House of Fabrics Doubles Retreat, Will Close 200 Stores This Year : Retailing: Company posts $11.6-million quarterly loss. California will lose 25 stores and 250 mostly part-time jobs.
House of Fabrics Inc., among the nation’s largest fabric retailers and one that has been hurt by competition and the struggling California economy, said Tuesday that mounting losses will force it to close about 200 stores by year’s end.
The new plan more than doubles the scope of a retreat announced in November and will cost the 624-store, Sherman Oaks-based chain between $30 million and $40 million through closings, write-offs of improvements on leased properties and inventory liquidation, the company said.
The move will result in the closure of 25 stores in California and the loss of 250 mostly part-time jobs in the state--with half the store and job losses occurring in Southern California.
Chief Executive Gary L. Larkins said in a statement that the closures are necessary because of “extremely difficult operating conditions in an over-stored industry, compounded by a sluggish economy in California.”
The company said it lost $11.6 million in the second quarter ended July 31, almost triple the quarterly loss of a year earlier.

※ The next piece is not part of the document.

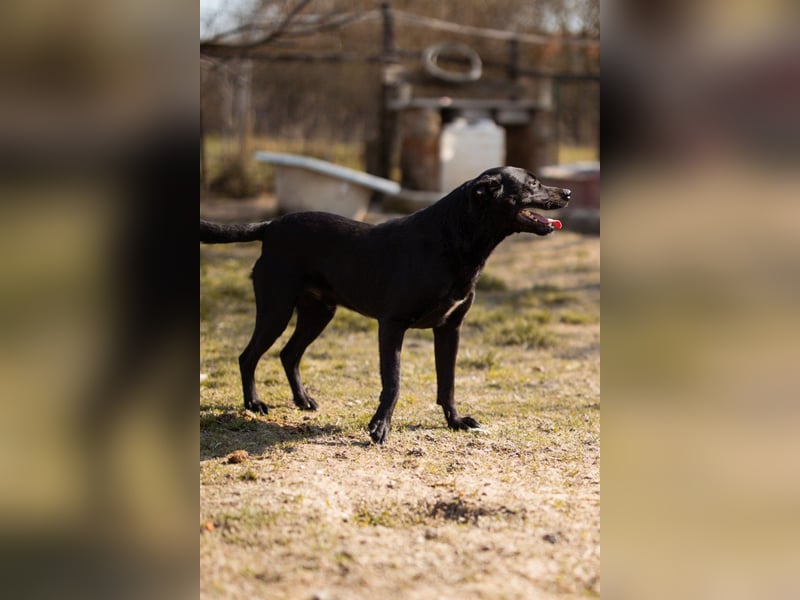 Coolio - wunderbar fröhlicher aktiver Bub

Sales tumbled 15% to $110 million, from $129 million in the year-earlier quarter.
The company also disclosed that it is “in default of two of its financial covenants” and that it is negotiating with its bank lenders. House of Fabrics executives would not elaborate.
Wall Street frowned at the news. House of Fabrics’ stock tumbled 50 cents to $2.125 a share, a 52-week low, on the New York Stock Exchange. The price was as high as $14.50 in 1993. In November, the company announced plans to close all 105 of its mall outlets. About 30 of those have been shut down, and a write-off of $34.7 million for the closures contributed to a 1993 loss of $29.5 million on sales of $545 million. But the latest plan targets 125 of the chain’s 10,000-square-foot “super-stores.” Most of the closures will take place in the Midwest and on the East Coast, said Jim Hartwig, executive vice president of store operations. But 25 of the chain’s 160 California locations will also be closed, he said.
About 3,000 of the company’s 12,000 mostly part-time jobs will be eliminated, Hartwig said, including 250 positions in California.
“What we will be left with is our very best stores, and we plan to change the (inventory) mix in our stores to include more crafts and home decorating items, to appeal to a broader market,” Hartwig said.
Industry analysts were not surprised by House of Fabrics’ plans, noting that fabric stores have been navigating dire straits since the 1970s, when many women entered the work force and had less time to sew.
Competition from clothing outlets that offer ready-made apparel at bargain prices has also cut into fabric stores’ business. House of Fabrics has been hit particularly hard, analysts said, because much of its business is concentrated in California.
But Robert Simonson, an analyst with Kemper Securities in Chicago, said the $4-billion-a-year fabric industry is stable and that the bitter pill House of Fabrics is swallowing could ultimately restore its health.
“This is a very significant move on their part; this is not rearranging the deck chairs,” Simonson said. “House of Fabrics is certainly worth fixing.”
The first House of Fabrics store opened in 1946 on Wilshire Boulevard. Co-founder and longtime Chairman David Sofro took the company public in 1965.
In the mid-1980s, Sofro bought out a number of competitors, including the 23-store Southern California competitor Home Silk Shop in 1985.
Profits continued to grow into the early 1990s and House of Fabrics ranked among the nation’s largest fabric retailers. But in 1992 the bubble burst, as recession prompted fierce price wars among fabric retailers, Simonson said. House of Fabrics’ net income dropped to $5.2 million, down 73% from a year earlier.